Investors are staying put
Despite the market volatility, most new investors were still investing. Just over three-fourths (75.2%) of investors who opened accounts in early 2020 were still in the market two years later.
In addition to remaining in the market, many of these newer investors were adding funds to their accounts. Nearly 4 in 10 (39%) new investors added funds to their accounts, lower than the percentage of experienced investors (46.1%) who increased their contributions to their accounts without withdrawing funds at any time during the period tracked by the researchers.
“In some ways it is encouraging that this drop didn’t result in these new investors, for the most part, leaving the market but rather to an implicit acknowledgement that investing may be more challenging than they initially believed…and that in some instances professional help is needed,” Mottola said
Testing investor acumen
New investors have improved their investing knowledge since 2020, but the base level was still painfully low, according to the FINRA report.
On average, investors correctly answered 1.71 out of 5 questions in 2022 versus 1.61 in 2020. This increase was driven by new investors, who improved from an average of 1.33 correct answers in 2020 to an average of 1.45 in 2022.
Questions ran the gamut of asking about particular investments.
For example, “You invest $500 to buy $1,000 worth of stock on margin. The value of the stock drops by 50%. You sell it. Approximately how much of your original $500 investment are you left with in the end?
Another was: “Which is the best definition of “selling short”?
Selling shares of a stock shortly after buying it
Selling shares of a stock before it has reached its peak
Selling shares of a stock at a loss
Selling borrowed shares of a stock
Finally, “Which of the following makes cryptocurrency transactions susceptible to fraud?”
Cryptocurrency is now the most commonly used form of payment in the U.S.

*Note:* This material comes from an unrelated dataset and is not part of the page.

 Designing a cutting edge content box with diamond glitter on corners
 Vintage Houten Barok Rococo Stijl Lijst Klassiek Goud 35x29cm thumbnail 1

Cryptocurrency relies on blockchain technology, which is easy to hack
Cryptocurrency does not trade on exchanges
Cryptocurrency transfers usually cannot be reversed
All of the above
“While investing knowledge is low for new investors, it is also low for more experienced investors — albeit a bit higher than new investors,” Mottola said. “So this is not necessarily a new investor issue, but an investor issue.”
The crypto factor
Meanwhile, in 2022, more new investors held cryptocurrencies in their portfolios versus experienced ones, 28.1% to 22%, respectively.
Not surprisingly, cryptocurrency holders were younger on average (37.9 years old vs. 46.1 years old), according to the findings. Also, Black/African American investors (45.8%) and Hispanic/Latino investors (40.3%) much more frequently held crypto compared with non-Hispanic white investors (16.9%. Male investors more frequently reported cryptocurrency holdings (33.6%) versus female investors (14.6%).
“Given the sharp rise in the valuation of cryptocurrencies in 2021, it is likely that the jump in crypto ownership was driven, at least in part, by market dynamics,” Mottola said.
Future FINRA findings will peel this back.
“This is supported by research from a forthcoming study we are working on which found that fear of missing out was cited as a top reason among crypto investors for purchasing crypto for the first time,” Mottola said. “Perhaps more importantly, the rise in crypto ownership may be due, again in part, to crypto owners’ higher risk tolerance.”
And for those of you keeping score, here are the correct responses to the FINRA questions: $0; selling borrowed shares of a stock; and cryptocurrency transfers usually cannot be reversed.